I use httpx to request a kubernetes watch api. The api is based on HTTP chunked transfer encoding. When the server generates a new pod message, it will send to client.
Simplified code is as follows
import httpx
resp = httpx.get('http://127.0.0.1:18081/api/v1/watch/pods', stream=True)
for chunk in resp.stream():
pass
After 5 second, I get a ReadTimeout error
Traceback (most recent call last):
File "t.py", line 4, in <module>
for line in resp.stream():
File "/usr/local/lib/python3.6/site-packages/httpx/models.py", line 1077, in stream
for chunk in self.raw():
File "/usr/local/lib/python3.6/site-packages/httpx/models.py", line 1105, in raw
for part in self._raw_stream:
File "/usr/local/lib/python3.6/site-packages/httpx/concurrency/base.py", line 163, in iterate
yield self.run(async_iterator.__anext__)
File "/usr/local/lib/python3.6/site-packages/httpx/concurrency/asyncio.py", line 261, in run
return self.loop.run_until_complete(coroutine(*args, **kwargs))
File "/usr/lib64/python3.6/asyncio/base_events.py", line 484, in run_until_complete
return future.result()
File "/usr/local/lib/python3.6/site-packages/httpx/dispatch/http11.py", line 152, in _receive_response_data
event = await self._receive_event(timeout)
File "/usr/local/lib/python3.6/site-packages/httpx/dispatch/http11.py", line 174, in _receive_event
self.READ_NUM_BYTES, timeout, flag=self.timeout_flag
File "/usr/local/lib/python3.6/site-packages/httpx/concurrency/asyncio.py", line 83, in read
raise ReadTimeout() from None
httpx.exceptions.ReadTimeout
I change the timeout to 60 sec, and I will get RemoteProtocolError
Traceback (most recent call last):
File "t.py", line 4, in <module>
for chunk in resp.stream():
File "/usr/local/lib/python3.6/site-packages/httpx/models.py", line 1077, in stream
for chunk in self.raw():
File "/usr/local/lib/python3.6/site-packages/httpx/models.py", line 1105, in raw
for part in self._raw_stream:
File "/usr/local/lib/python3.6/site-packages/httpx/concurrency/base.py", line 163, in iterate
yield self.run(async_iterator.__anext__)
File "/usr/local/lib/python3.6/site-packages/httpx/concurrency/asyncio.py", line 261, in run
return self.loop.run_until_complete(coroutine(*args, **kwargs))
File "/usr/lib64/python3.6/asyncio/base_events.py", line 484, in run_until_complete
return future.result()
File "/usr/local/lib/python3.6/site-packages/httpx/dispatch/http11.py", line 152, in _receive_response_data
event = await self._receive_event(timeout)
File "/usr/local/lib/python3.6/site-packages/httpx/dispatch/http11.py", line 164, in _receive_event
event = self.h11_state.next_event()
File "/usr/local/lib/python3.6/site-packages/h11/_connection.py", line 420, in next_event
event = self._extract_next_receive_event()
File "/usr/local/lib/python3.6/site-packages/h11/_connection.py", line 369, in _extract_next_receive_event
event = self._reader.read_eof()
File "/usr/local/lib/python3.6/site-packages/h11/_readers.py", line 170, in read_eof
"peer closed connection without sending complete message body "
h11._util.RemoteProtocolError: peer closed connection without sending complete message body (incomplete chunked read)
This is a difference coming from requests I ran into as well. httpx sets a default timeout, so you'll have to add timeout=None to your request calls or client instance (if used) if you want no timeout.
It would probably be nice to add to the Timeouts docs as well as the requests compatibility docs when they get fleshed out.

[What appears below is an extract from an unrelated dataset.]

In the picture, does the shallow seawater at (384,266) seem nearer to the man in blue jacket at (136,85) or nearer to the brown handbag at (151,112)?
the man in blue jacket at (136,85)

I have a feeling this one will come up a fair bit.
Thanks for the quick reply.
timeout=None is the default behavior of httpx.get
https://github.com/encode/httpx/blob/5ced56b5b55813bc38d571fdba6176842c0ec716/httpx/api.py#L68
And I see if the timeout is None, TCPStream.read will change it to DEFAULT_TIMEOUT_CONFIG
I don't find some way to control this behavior.

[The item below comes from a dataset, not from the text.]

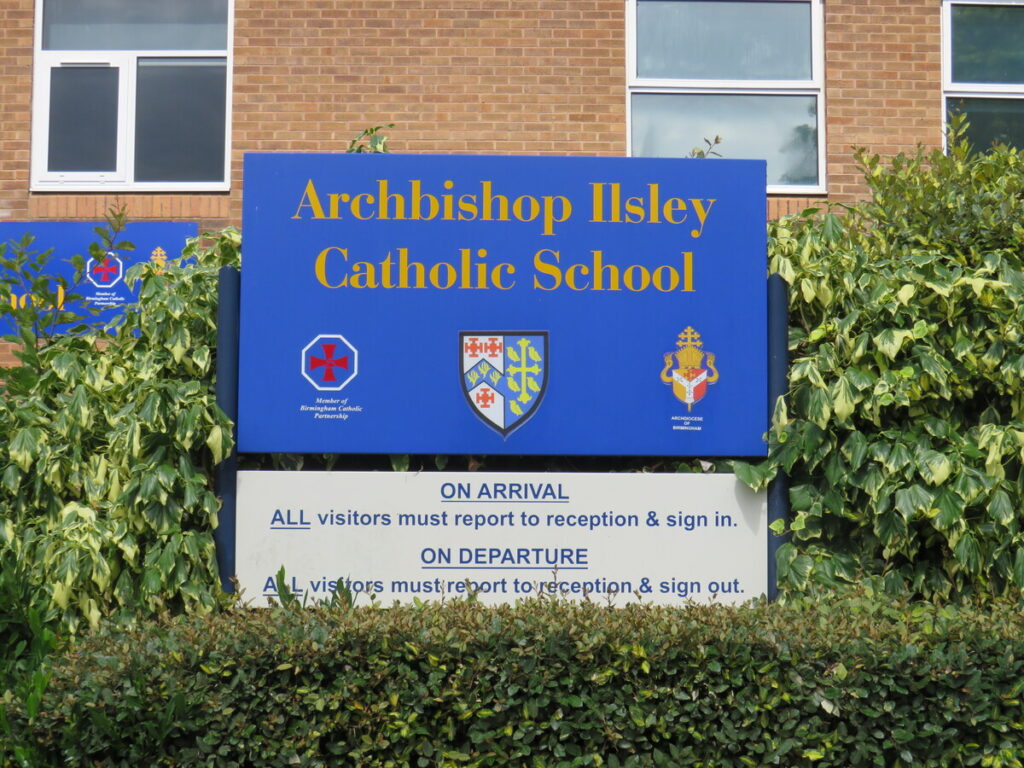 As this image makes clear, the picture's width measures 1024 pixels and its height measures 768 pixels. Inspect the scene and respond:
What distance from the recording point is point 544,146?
729cm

Ah, this seems like it might be a bug. Setting timeout=None on a client instance works properly. Setting timeout=None on any of the request calls, regardless if its through the top-level API or through a client method uses the default timeout.
Edit: That is, if you used:
import httpx
client = httpx.Client(timeout=None)
resp = client.get('http://127.0.0.1:18081/api/v1/watch/pods', stream=True)
for chunk in resp.stream():
pass
you should get the behavior you want for now.
There are actually three kinds of timeouts you can control in HTTPX: connect, read, and write. Unfortunately, the documentation doesn't show this ability to fine-tune timeouts yet (TimeoutConfig isn't even documented), and I agree it's something we need to address.
For your use case, it seems what you want is to modify the read timeout. (That way, you'll still timeout when connecting or when sending data, which is good because those are unexpected situations.)
The following should work:
import httpx
timeout = httpx.TimeoutConfig(connect_timeout=5, read_timeout=None, write_timeout=5)
resp = httpx.get('http://127.0.0.1:18081/api/v1/watch/pods', stream=True, timeout=timeout)
for chunk in resp.stream():
pass
Unfortunately there's no way to override only one of the timeouts while keeping default values for the others, so you need to explicitly set the connect and write timeouts. I reckon what we'd need is something like:
timeout = httpx.DEFAULT_TIMEOUT_CONFIG.replace(read_timeout=None)
but that doesn't exist yet.
Also — according to this SO thread you should expect the connection to drop anyway, so a long timeout along with an infinite loop that reconnects when losing the connection to the watch endpoint might be preferable:
def get_pod_events():
timeout = httpx.TimeoutConfig(connect_timeout=5, read_timeout=5 * 60 write_timeout=5)
while True:
resp = httpx.get('http://127.0.0.1:18081/api/v1/watch/pods', stream=True, timeout=timeout)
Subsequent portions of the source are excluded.